> [Requirement] Print the whole listing below exactly, skipping every picture.

> [Information shown]
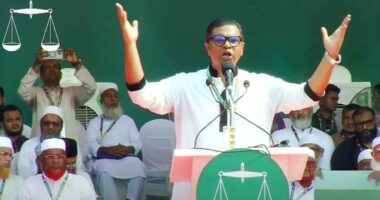 দুর্নীতি ও চাঁদাবাজির জন্য লালকার্ড দেখাতে হবে : রাশেদ প্রধান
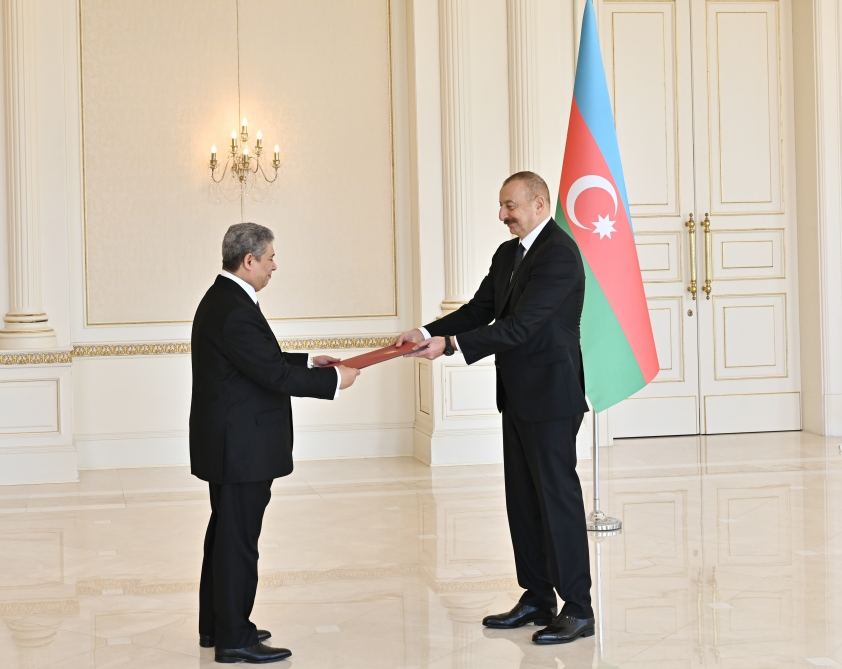 President Ilham Aliyev receives credentials of incoming ambassador of Egypt (PHOTO/VIDEO)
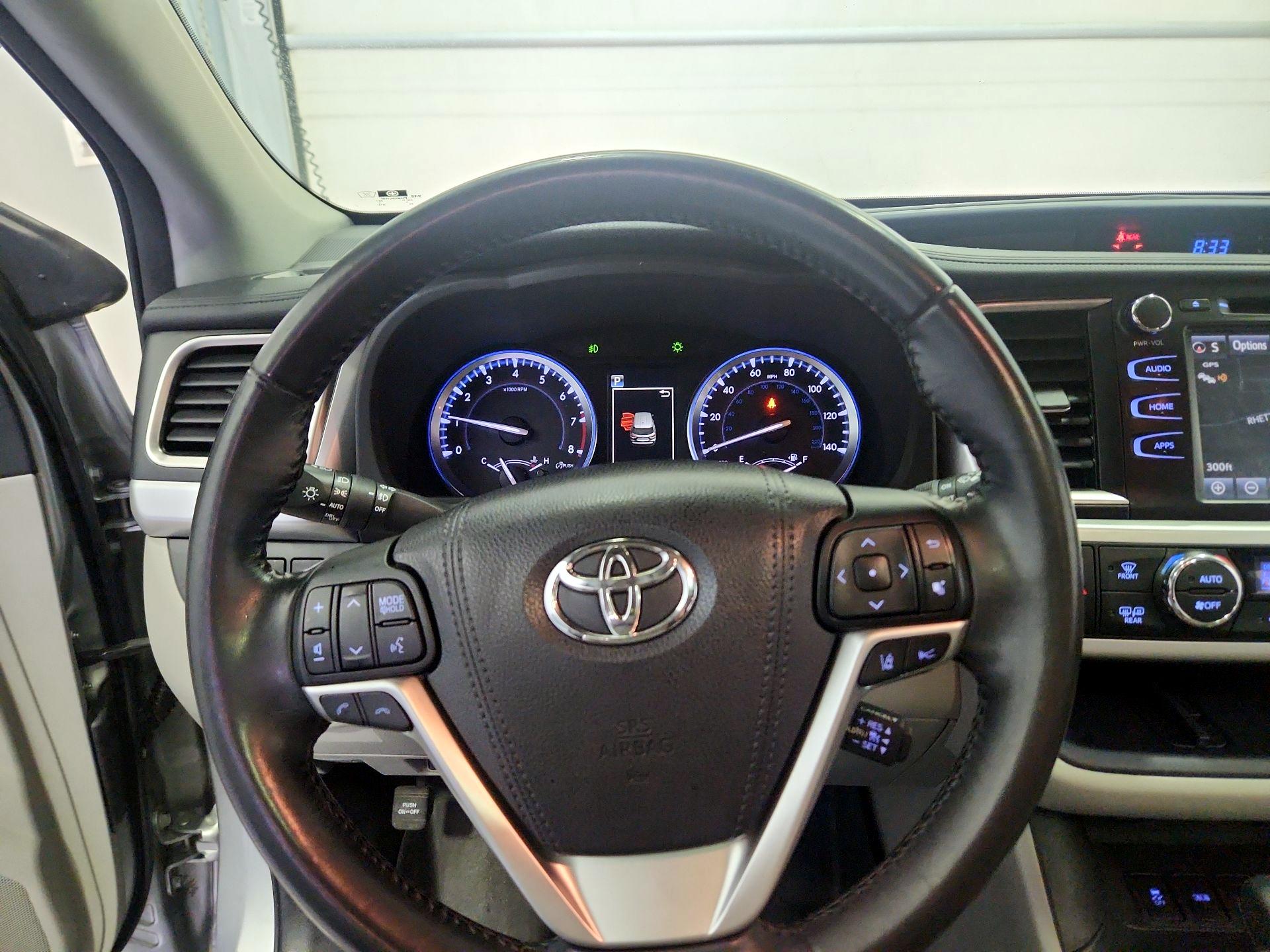 Thumbnail: 2018 Toyota Highlander - 10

> [Output of the exercise]
 দুর্নীতি ও চাঁদাবাজির জন্য লালকার্ড দেখাতে হবে : রাশেদ প্রধান
 President Ilham Aliyev receives credentials of incoming ambassador of Egypt (PHOTO/VIDEO)
 Thumbnail: 2018 Toyota Highlander - 10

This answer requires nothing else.